最近、気になっている人がいる。前から気にはなっていて、Twitterでフォローもしている坂口恭平さん。とにかく多才で多彩で自由奔放なんだけれど、「生きのびるための事務」といった本も出版されている不思議な方である。

そんな坂口さんがスペースで今書いている本の朗読をされているようだったので、簡単にお昼を済ませた後に聞いてみた。聞き始めて7分を過ぎたあたりから笑いが止まらなくなったが、ケラケラ笑っているうちに朗読が始まった。

自己否定に関するこれから出版されるという本なのだが、とにかく自分と向き合い、とことん分析していく様子が手に取るようにわかる。
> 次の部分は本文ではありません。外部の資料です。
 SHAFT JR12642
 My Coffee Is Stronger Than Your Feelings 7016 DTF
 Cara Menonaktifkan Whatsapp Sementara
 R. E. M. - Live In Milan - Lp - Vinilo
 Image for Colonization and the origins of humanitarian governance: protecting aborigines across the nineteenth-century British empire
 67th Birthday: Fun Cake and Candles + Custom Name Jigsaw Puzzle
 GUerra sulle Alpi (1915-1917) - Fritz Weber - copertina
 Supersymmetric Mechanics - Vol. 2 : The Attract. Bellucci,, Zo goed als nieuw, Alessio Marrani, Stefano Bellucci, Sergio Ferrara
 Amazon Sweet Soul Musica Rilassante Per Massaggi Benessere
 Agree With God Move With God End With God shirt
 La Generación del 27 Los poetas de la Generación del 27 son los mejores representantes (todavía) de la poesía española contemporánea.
印象的だったのは自己否定をしているときは時間を感じられなくなる、という件や自己否定している様子を3人に語らせる、というもの。頭の中でやるのではなく、紙の上で私(自己否定されている人)、敵(罵倒する人)、友達(信頼できる人)の3人にやり取りをさせるらしい。
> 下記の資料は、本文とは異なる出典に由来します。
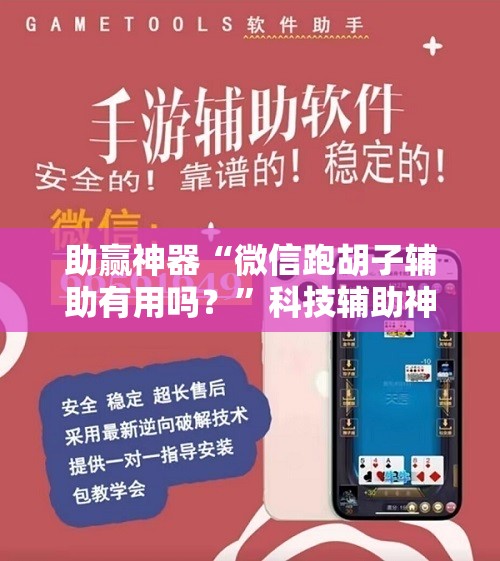助赢神器“微信跑胡子辅助有用吗？”科技辅助神器手机版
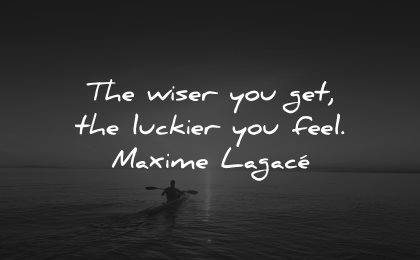 life is short quotes wiser get luckier feel maxime lagace wisdom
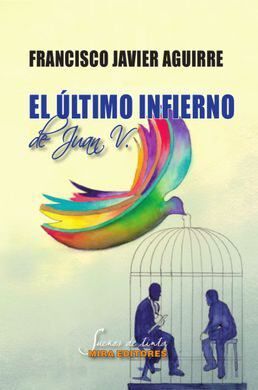 El &uacute;ltimo infierno de Juan V.
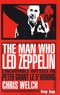 Chris Welch - The man who Led Zeppelin - L'incroyable odyssée de Peter Grant, le cinquième homme.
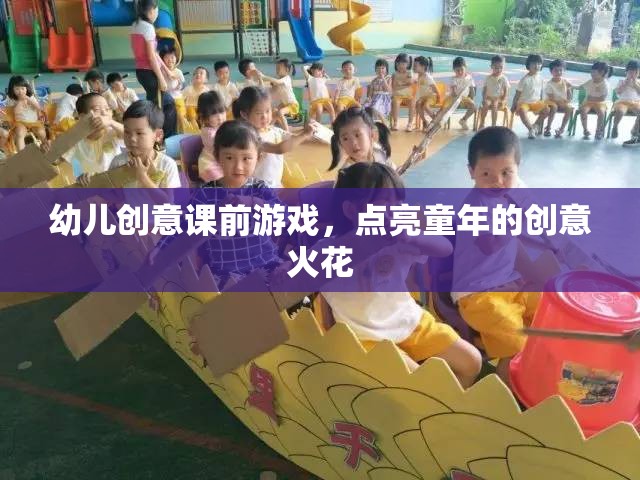 點亮童年的創(chuàng)意火花，幼兒創(chuàng)意課前游戲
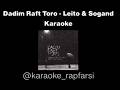 Dadim Raft Toro Karaoke Behzad Leito And Sogand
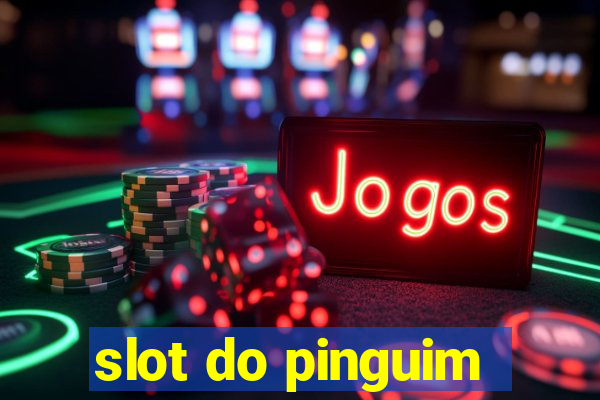 slot do pinguim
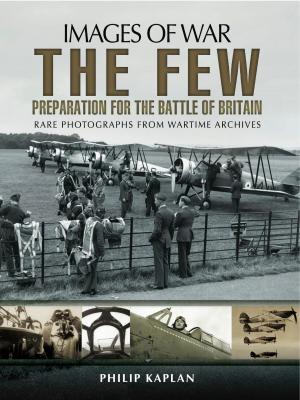 Cover of the book The Few: Preparation for the Battle of Britain by Edward  Grace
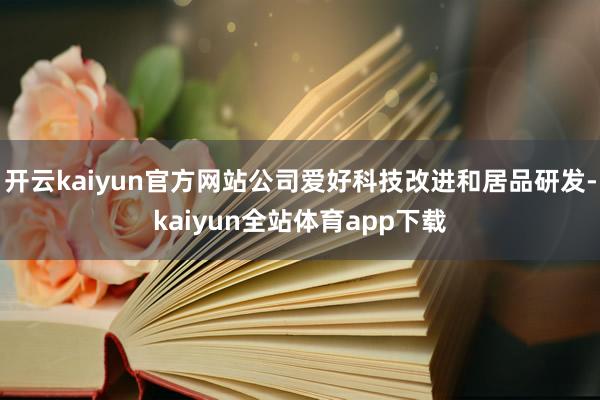 开云kaiyun官方网站公司爱好科技改进和居品研发-kaiyun全站体育app下载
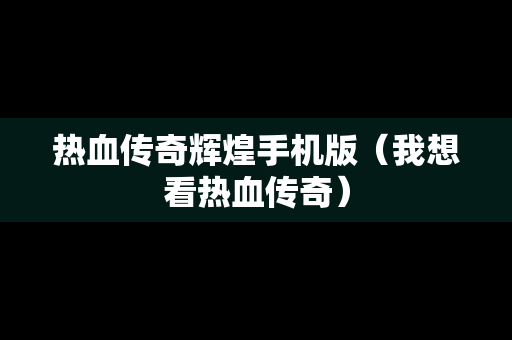 热血传奇辉煌手机版（我想看热血传奇）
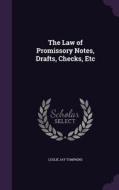 The Law Of Promissory Notes, Drafts, Checks, Etc di Leslie Jay Tompkins edito da Palala Press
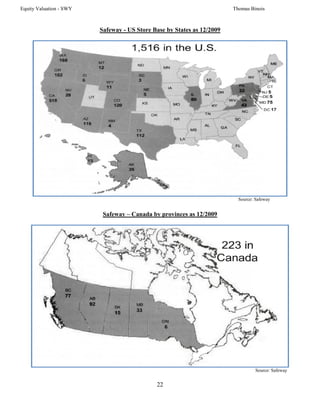 Equity Valuation - SWY                                                  Thomas Binois



                         Safeway - US Store Base by States as 12/2009




                                                                          Source: Safeway


                          Safeway – Canada by provinces as 12/2009




                                                                                  Source: Safeway


                                             22
 
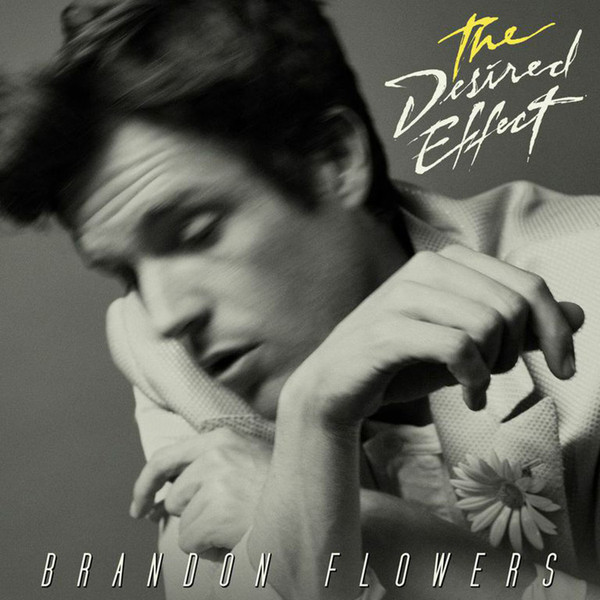 Cover Brandon Flowers - The Desired Effect (LP, Album, Gat) Schallplatten Ankauf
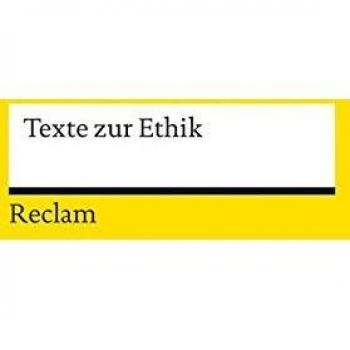 Texte zur Ethik
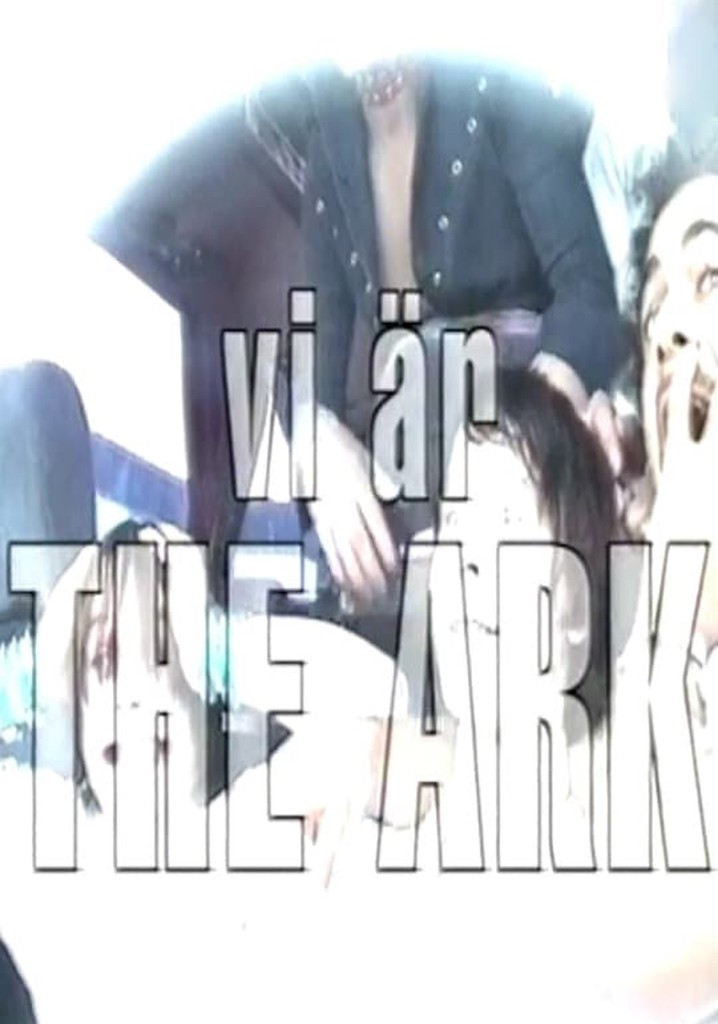 Vi är The Ark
そうすることで出てきた結論が自己否定の目的が葛藤するためである、というものだった。この発想はなかったので新鮮だったのと、何より分析の仕方が明快でとてもわかりやすかったので舌を巻いた。さらに驚いたのが坂口さんとリスナーのやりとりである。

自己否定をしがちで自信をなくしているであろうリスナーに「じゃぁ、あなたの自己否定リストを文字にして書き出してみよう!」とどんどん質問を振り、それを紙に書いていく坂口さん。「、、、それで自分には生きる価値がないと思っちゃうってこと?そこまでじゃないか」みたいなことが何度か起こる。あまりにもストレートなので聞いている方も思わず笑ってしまう。
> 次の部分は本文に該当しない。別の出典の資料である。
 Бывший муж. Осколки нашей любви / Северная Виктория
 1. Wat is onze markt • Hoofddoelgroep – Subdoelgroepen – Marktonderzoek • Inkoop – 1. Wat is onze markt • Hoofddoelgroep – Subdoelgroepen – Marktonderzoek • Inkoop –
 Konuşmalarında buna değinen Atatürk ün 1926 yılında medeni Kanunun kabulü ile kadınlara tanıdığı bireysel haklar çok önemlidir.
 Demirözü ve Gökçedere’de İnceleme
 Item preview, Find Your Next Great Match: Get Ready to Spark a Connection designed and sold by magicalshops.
「え、ということは坂口恭平と電話していれば自分に価値がないって思わないってこと?それでいい?」

寂しい、自分には生きる価値がないと訴える相手を受け入れる気満々である。懐が深いというかなんというかやはり只者ではない。かと思えば「買い物に行くときは僕と話してるよりいいってこと?」買い物という行為にすら嫉妬しているかのような物言いに思わず笑ってしまう。どこまで本気なんだ。こんな調子でこの人はこれまでに何人の人を救ってきたんだろうか、と思わず考えてしまった。坂口恭平さんは「いのっちの電話」というサービスをもう2012年から提供されているのだ。ここまでできる人はなかなかいない。本まである。

リスナーとのやり取りが素晴らしいのも「いのっちの電話」での経験が生きているのだろう。なんてったってのべ2万人もの人とこれまで話をされているのである。これを携帯電話を公表して実践されているのだから、本当に気が遠くなる話だ。行政に任せていられないからと個人単位でやる、という考えに普通の人は至らない。

どこにいて何をするか、というのも大事なんだけれど結局は「誰と繋がっているか」なのかもしれないなぁ、と話を聞きながら思った。あとは積み重ね。他人と比較する暇があるくらいなら、一心不乱で楽しみながらどんどん積み重ねていく。

とにかく今日たまたま録音されたスペースを聴けたのはラッキーだったし、なんなら「自己否定リスト」なるものを文字に書き出してみたくなった。